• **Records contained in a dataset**
******

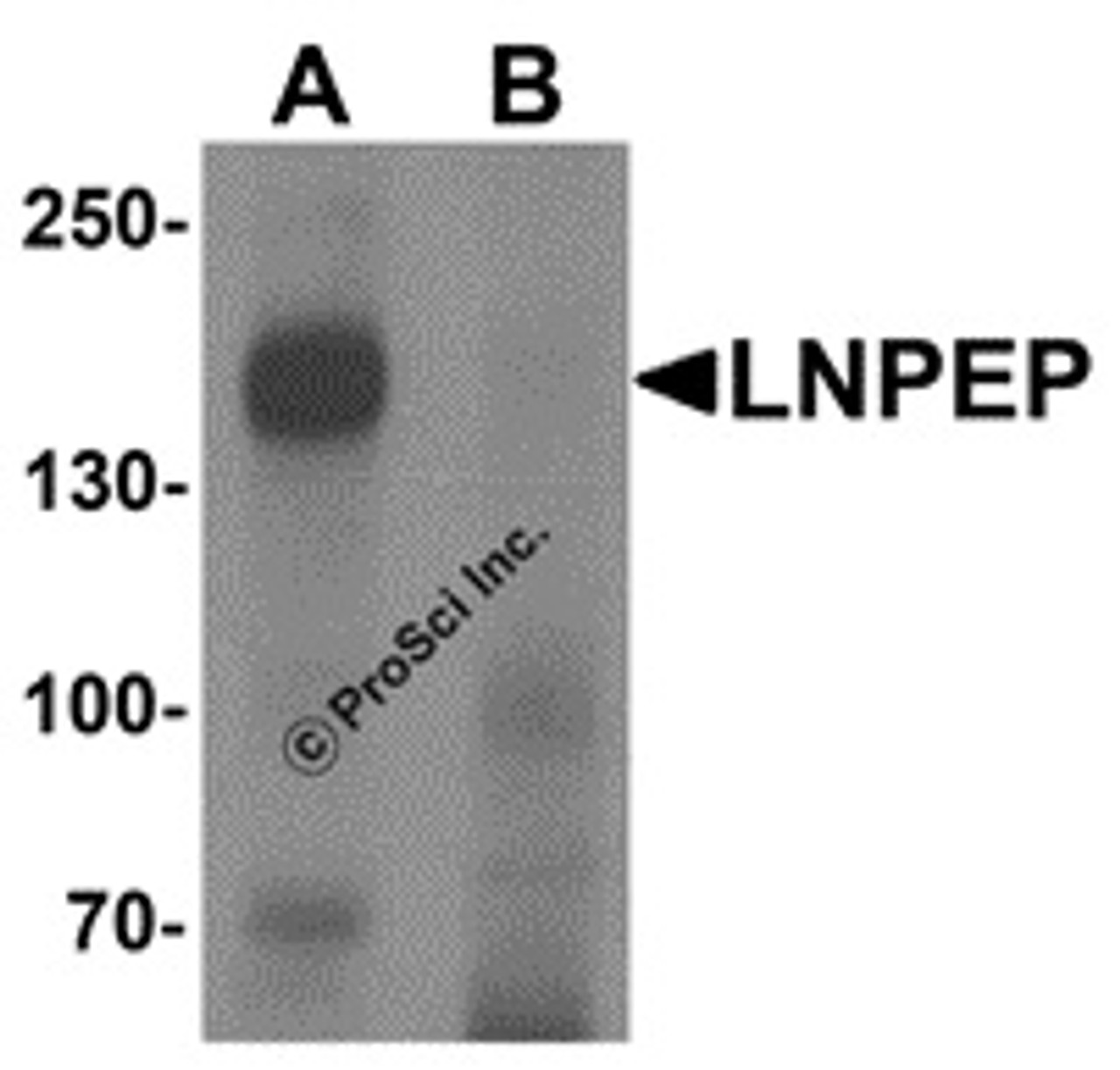 Western blot analysis of LNPEP in human lung tissue lysate with LNPEP antibody at 1 &#956;g/mL in (A) the absence and (B) the presence of blocking peptide.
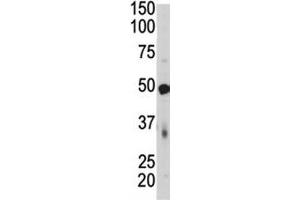 PDK4 antibody  (AA 382-410)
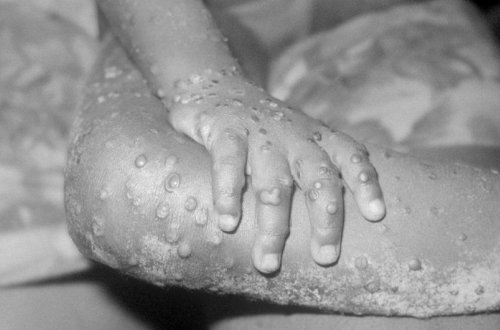 TƏBİB: “Meymunçiçəyi virusu səbəbindən bəzi hallarda ölüm halları müşahidə oluna bilər”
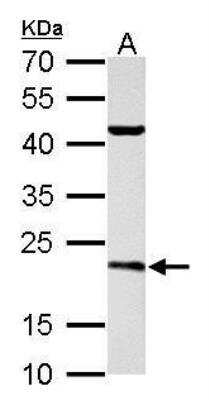 Western Blot: SAR1B Antibody [NBP1-32725]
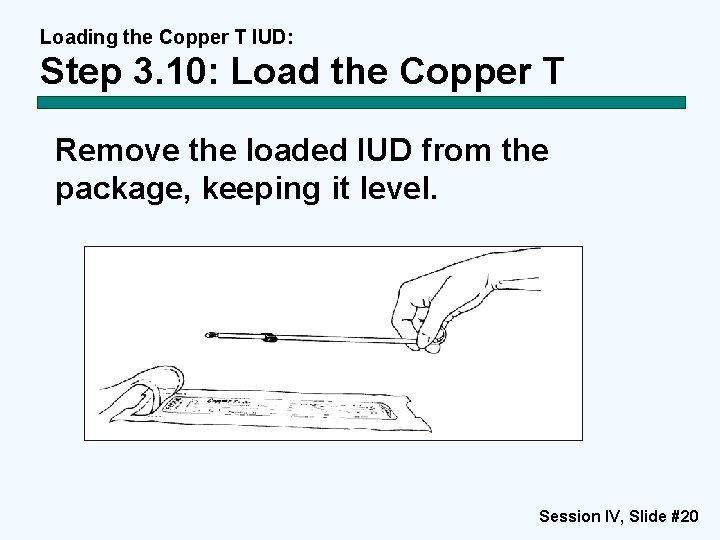 Loading the Copper T IUD: Step 3. 10: Load the Copper T Remove the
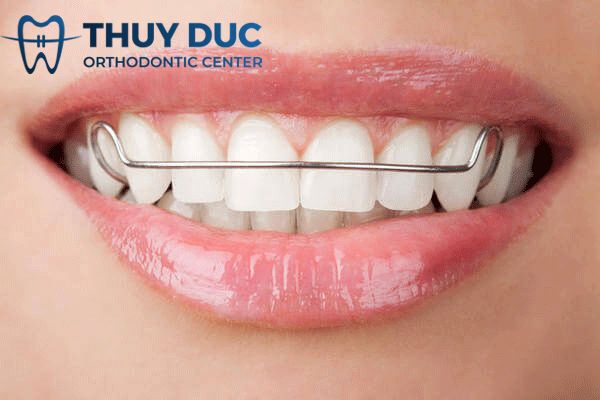 Tại sao bạn phải dùng hàm duy trì? 1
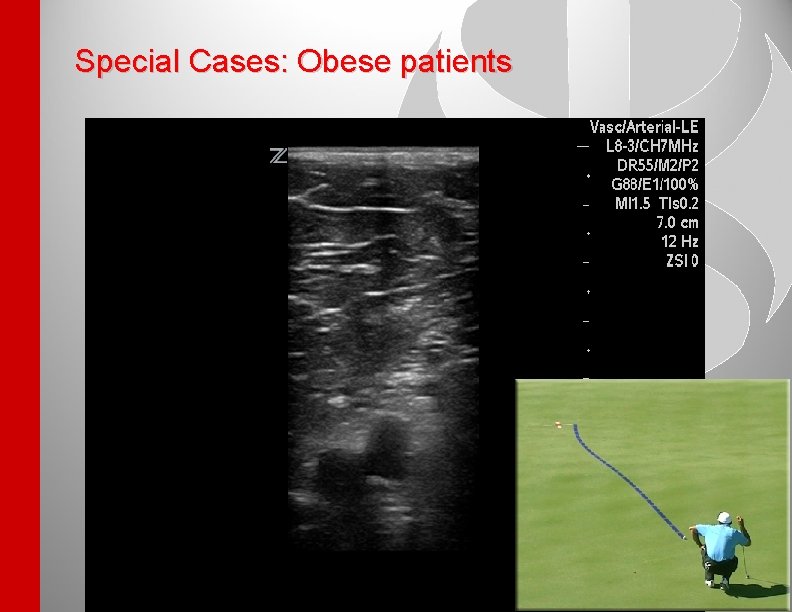 Special Cases: Obese patients 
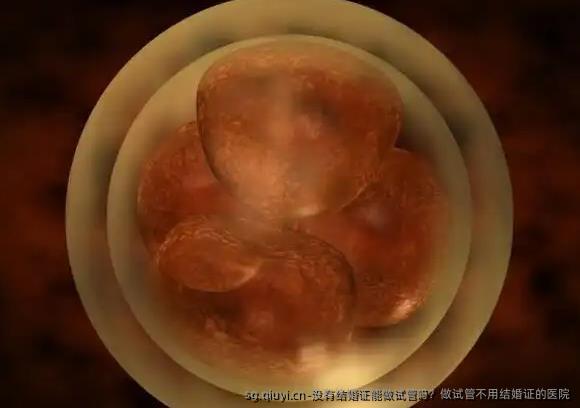 没有结婚证能做试管吗？做试管不用结婚证的医院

******

• **Exercise prompt**
Your task is to transcribe exactly the lines from the one containing "Special Cases: Obese patients" through the final line of the entries above, pictures excluded.

• **Solution to this problem**
 Special Cases: Obese patients 
 没有结婚证能做试管吗？做试管不用结婚证的医院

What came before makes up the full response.